Practices with Cloud-Based EHRs Should Address Unique Security Issues Up Front

If you’ve got an EHR, chances are you’ve put some thought into security risks and data breaches. But if you’re part of a growing number of practices adopting cloud-based EHRs, you may face unique security considerations. 

During a speech at the American Health Information Management Association (AHIMA) Legal EHR Summit in Chicago earlier this month, Gerard Nussbaum, director of technology services at management consultancy Kurt Salmon Associates, said HIPAA privacy and security rules do not specify whether a provider using a cloud-based EHR owns data in the medical records or if the information belongs to the service host. Nussbaum recommended that healthcare providers explicitly negotiate data usage in contracts, particularly in case of a breach, InformationWeek reported.

"Nothing is secure from breaches," said Nussbaum, who suggested healthcare organizations “iron out” each party’s legal responsibility in the event of a breach up front. By doing this up front, it will be easier to notify individuals whose data may have been compromised, he said.

Steven ZoBell, vice president of product development and CTO for EHR provider ADP AdvancedMD, told Physicians Practice that practices using cloud-based EHRs should get a clear understanding of their EHR’s compliance with the HIPAA Security Rule before making a commitment.

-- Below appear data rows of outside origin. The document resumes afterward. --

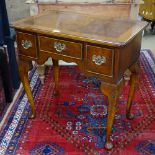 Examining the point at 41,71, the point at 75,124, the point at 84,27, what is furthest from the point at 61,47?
the point at 41,71

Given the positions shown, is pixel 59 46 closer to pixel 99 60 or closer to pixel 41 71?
pixel 99 60

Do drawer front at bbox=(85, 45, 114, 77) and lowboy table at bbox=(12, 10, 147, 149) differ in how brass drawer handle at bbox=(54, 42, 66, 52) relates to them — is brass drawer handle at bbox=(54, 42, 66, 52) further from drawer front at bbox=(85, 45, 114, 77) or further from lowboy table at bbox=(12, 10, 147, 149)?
drawer front at bbox=(85, 45, 114, 77)

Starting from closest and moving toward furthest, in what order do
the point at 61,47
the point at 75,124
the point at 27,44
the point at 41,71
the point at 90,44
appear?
the point at 90,44, the point at 61,47, the point at 27,44, the point at 75,124, the point at 41,71

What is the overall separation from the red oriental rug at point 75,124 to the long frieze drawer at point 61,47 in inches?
26.6

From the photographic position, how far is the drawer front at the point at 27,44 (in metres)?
1.73

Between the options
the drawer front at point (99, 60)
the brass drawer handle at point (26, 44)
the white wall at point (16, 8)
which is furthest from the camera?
the white wall at point (16, 8)

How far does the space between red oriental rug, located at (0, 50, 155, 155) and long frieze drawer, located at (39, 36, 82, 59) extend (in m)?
0.68

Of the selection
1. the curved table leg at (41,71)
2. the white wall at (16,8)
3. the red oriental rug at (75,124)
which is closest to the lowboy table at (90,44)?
the red oriental rug at (75,124)

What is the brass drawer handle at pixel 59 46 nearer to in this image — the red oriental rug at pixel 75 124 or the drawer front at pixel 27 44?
the drawer front at pixel 27 44

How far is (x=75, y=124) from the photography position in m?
2.11

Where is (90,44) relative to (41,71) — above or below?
above

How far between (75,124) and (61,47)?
736mm

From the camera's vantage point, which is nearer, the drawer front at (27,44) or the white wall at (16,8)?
the drawer front at (27,44)

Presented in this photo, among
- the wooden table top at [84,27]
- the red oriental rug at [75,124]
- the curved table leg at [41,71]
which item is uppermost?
the wooden table top at [84,27] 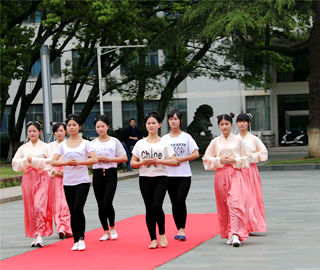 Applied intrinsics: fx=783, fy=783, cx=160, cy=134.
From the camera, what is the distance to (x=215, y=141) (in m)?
10.5

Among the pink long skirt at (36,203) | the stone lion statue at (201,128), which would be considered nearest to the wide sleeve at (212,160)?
the pink long skirt at (36,203)

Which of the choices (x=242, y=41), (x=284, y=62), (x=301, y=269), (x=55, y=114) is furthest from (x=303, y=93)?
(x=301, y=269)

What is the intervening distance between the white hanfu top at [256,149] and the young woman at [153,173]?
61.4 inches

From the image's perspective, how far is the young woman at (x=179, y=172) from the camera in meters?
10.7

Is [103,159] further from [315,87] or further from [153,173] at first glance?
[315,87]

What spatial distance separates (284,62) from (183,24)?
11815 mm

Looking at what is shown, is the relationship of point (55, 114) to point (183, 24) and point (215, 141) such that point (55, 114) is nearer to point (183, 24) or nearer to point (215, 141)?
point (183, 24)

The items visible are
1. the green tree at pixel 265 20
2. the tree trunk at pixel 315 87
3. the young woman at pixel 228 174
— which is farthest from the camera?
the tree trunk at pixel 315 87

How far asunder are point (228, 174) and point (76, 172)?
6.58ft

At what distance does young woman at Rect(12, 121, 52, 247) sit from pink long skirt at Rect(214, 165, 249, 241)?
2600 millimetres

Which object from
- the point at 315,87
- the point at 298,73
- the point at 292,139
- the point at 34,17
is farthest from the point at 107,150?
the point at 298,73

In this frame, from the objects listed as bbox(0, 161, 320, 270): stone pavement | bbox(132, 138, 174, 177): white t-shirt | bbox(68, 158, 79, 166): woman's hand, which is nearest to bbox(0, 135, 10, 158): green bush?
bbox(0, 161, 320, 270): stone pavement

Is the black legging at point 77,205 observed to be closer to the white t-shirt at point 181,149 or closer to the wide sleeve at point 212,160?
the white t-shirt at point 181,149

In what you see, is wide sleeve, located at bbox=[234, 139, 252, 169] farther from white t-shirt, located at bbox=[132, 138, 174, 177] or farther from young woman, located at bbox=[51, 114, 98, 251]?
young woman, located at bbox=[51, 114, 98, 251] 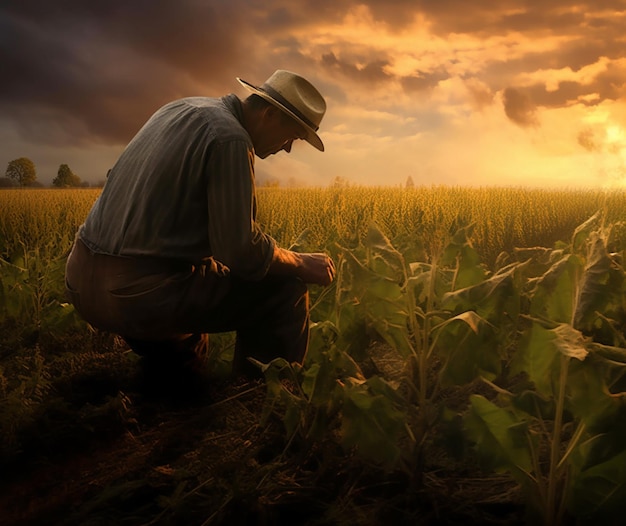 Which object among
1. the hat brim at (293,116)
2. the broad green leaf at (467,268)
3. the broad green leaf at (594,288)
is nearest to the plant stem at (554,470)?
the broad green leaf at (594,288)

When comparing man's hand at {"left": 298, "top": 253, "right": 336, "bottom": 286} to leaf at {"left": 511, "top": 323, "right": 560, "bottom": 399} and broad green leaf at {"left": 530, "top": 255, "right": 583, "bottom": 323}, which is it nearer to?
broad green leaf at {"left": 530, "top": 255, "right": 583, "bottom": 323}

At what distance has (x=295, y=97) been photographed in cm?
250

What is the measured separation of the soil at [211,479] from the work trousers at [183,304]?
0.29m

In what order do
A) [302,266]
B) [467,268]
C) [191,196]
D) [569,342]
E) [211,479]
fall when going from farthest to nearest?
[302,266] → [191,196] → [467,268] → [211,479] → [569,342]

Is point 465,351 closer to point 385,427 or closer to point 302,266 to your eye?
point 385,427

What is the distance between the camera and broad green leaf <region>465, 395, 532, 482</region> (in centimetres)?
170

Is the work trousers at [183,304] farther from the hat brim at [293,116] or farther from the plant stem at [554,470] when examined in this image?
the plant stem at [554,470]

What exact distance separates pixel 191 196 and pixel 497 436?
1384 millimetres

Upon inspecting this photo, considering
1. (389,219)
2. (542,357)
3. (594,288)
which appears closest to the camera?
(542,357)

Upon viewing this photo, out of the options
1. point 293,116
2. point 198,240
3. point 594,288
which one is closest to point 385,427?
point 594,288

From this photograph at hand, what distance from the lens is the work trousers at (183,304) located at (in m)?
2.53

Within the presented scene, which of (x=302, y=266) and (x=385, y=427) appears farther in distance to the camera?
(x=302, y=266)

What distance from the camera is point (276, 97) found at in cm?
252

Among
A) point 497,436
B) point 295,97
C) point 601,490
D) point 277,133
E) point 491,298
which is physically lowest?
point 601,490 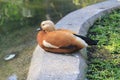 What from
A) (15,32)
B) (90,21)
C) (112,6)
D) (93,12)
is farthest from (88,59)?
(15,32)

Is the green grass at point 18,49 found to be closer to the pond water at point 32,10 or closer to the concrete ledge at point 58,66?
the pond water at point 32,10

“If the EHR provider is in compliance, then it assures [practices] than many policies and procedures are in place to ensure the safety of the electronic personal health information within the cloud-based platform,” said ZoBell, via e-mail. “This reduces the number of concerns that an individual practice needs to contemplate to ensure that their own practice is compliant with the HIPAA Security Rule.”

Taking preventative measures to protect against data breaches has become more of a priority in the EHR era, especially with the growing use of e-mail and mobile devices.

The HITECH Act, part of the American Recovery and Reinvestment Act of 2009, gives flesh to HIPAA privacy and security rules by imposing stiffer penalties on health organizations found guilty of data breaches, according to legal experts.

Penalties include an increase in maximum fines (up to $1.5 million) and, if the breach involves more than 500 records, the covered entity has to notify the local media in addition to notifying patients and HHS.

For that reason, practices using cloud-based EHRs might have some advantages, some believe.

“The HIPAA Security Rule is very expansive and if a provider is going to try and comply with it using a legacy client server-solution, nearly all the burden is on the practice,” says ZoBell. “However, with a cloud-based solution the effort of compliance is greatly reduced for the practice if the cloud-based solution’s company is compliant with the HIPAA Security Rule.”